[XML-SIG] Pull Parsing

Lars Marius Garshol larsga@garshol.priv.no
15 May 2000 21:57:26 +0200


* Paul Prescod
|
| Fredrik showed how to turn incremental push parsers into pull parsers.
| Neat.

Agreed. :-)
 
| I must admit that I always presumed that the conversion would be
| done at the SAX level so I couldn't think of a way to do it. The
| incremental API makes all the difference (maybe we should propose an
| incremental extension to SAX).

Python SAX 1.0 already has this, and I've now put this into SAX 2.0 as
an interface IncrementalParser (with feed, close and reset methods),
which parsers _may_ support.
 
| I wonder if a pull style interface is intrinsically easier for the
| average Python programmer to get their heads around. 

I think it is.
 
|  * Pull parsers can always be turned into push parsers trivially

I wouldn't say trivially, but they can be.
 

My opinion on this is that this is definitely more intuitive for
people to understand, but it's more awkward to use, since it forces
you into doing your own dispatch of tokens to token handlers. (I call
the things the parser returns structured tokens.) 

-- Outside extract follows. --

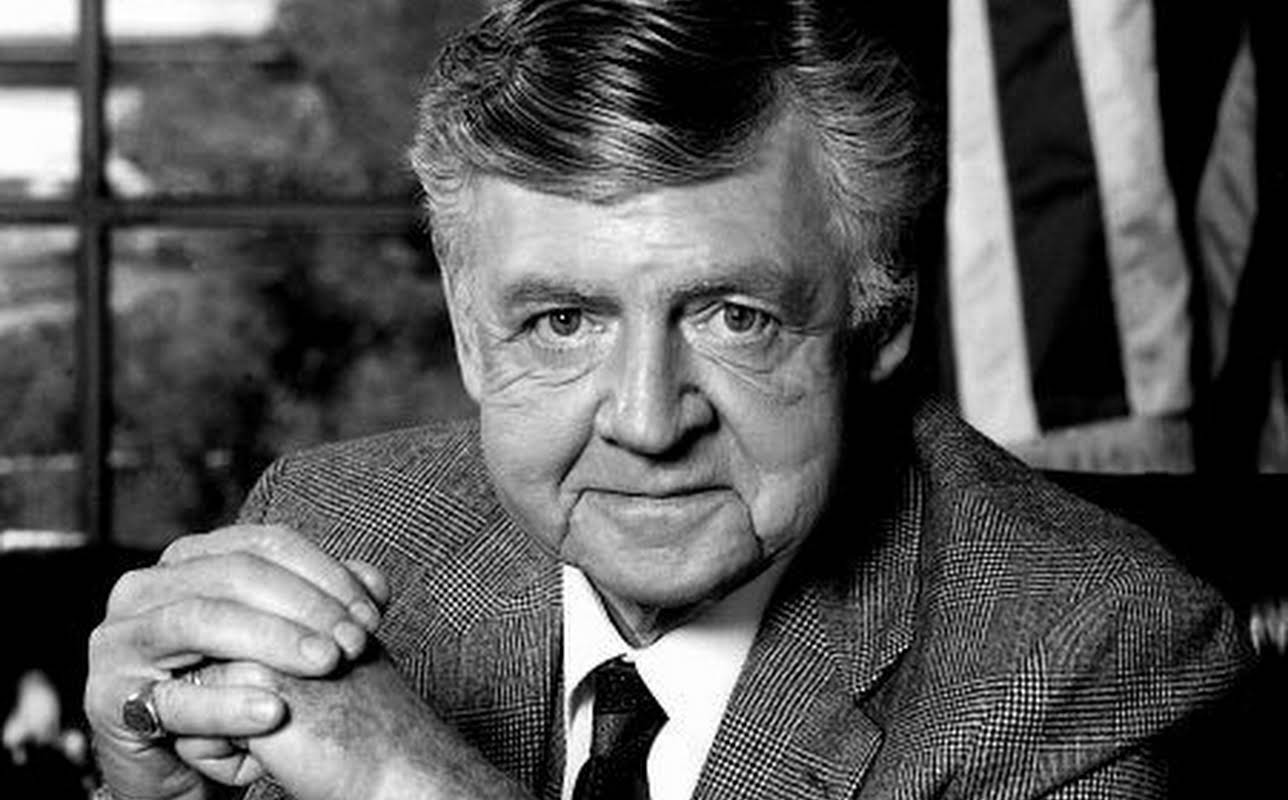 Dick O'Neill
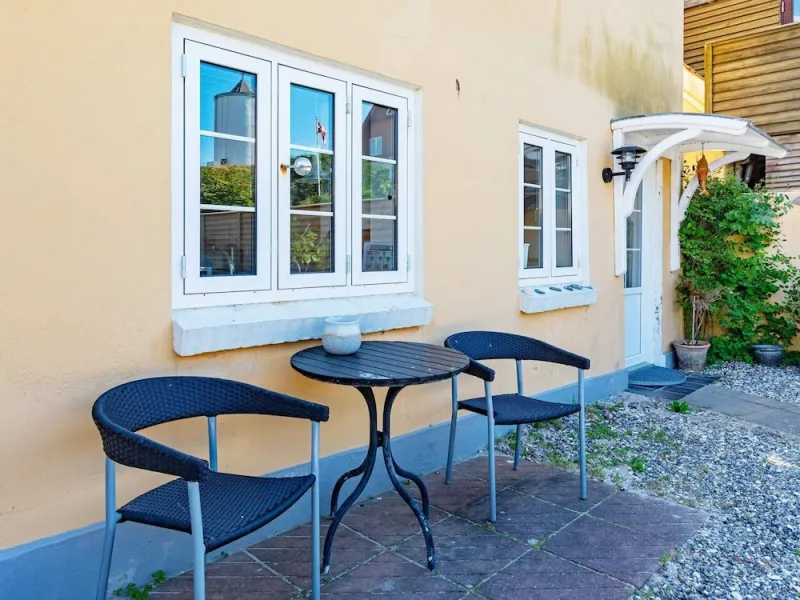 Billede 10 af Holiday Home in Løkken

For the same reason it costs performance-wise: the parser knows what
kind of token it has, and puts this information into the token object,
from where the application must extract it again to do dispatch. With
an event-based approach one jumps directly from the parser to the
application, with no need for special dispatch on token type.

I think the approach does have some merit, but not to the extent that
I will personally sit down and implement a framework for it. If
someone else will I'll be happy to provide input to the extent that
I'm able to.

--Lars M.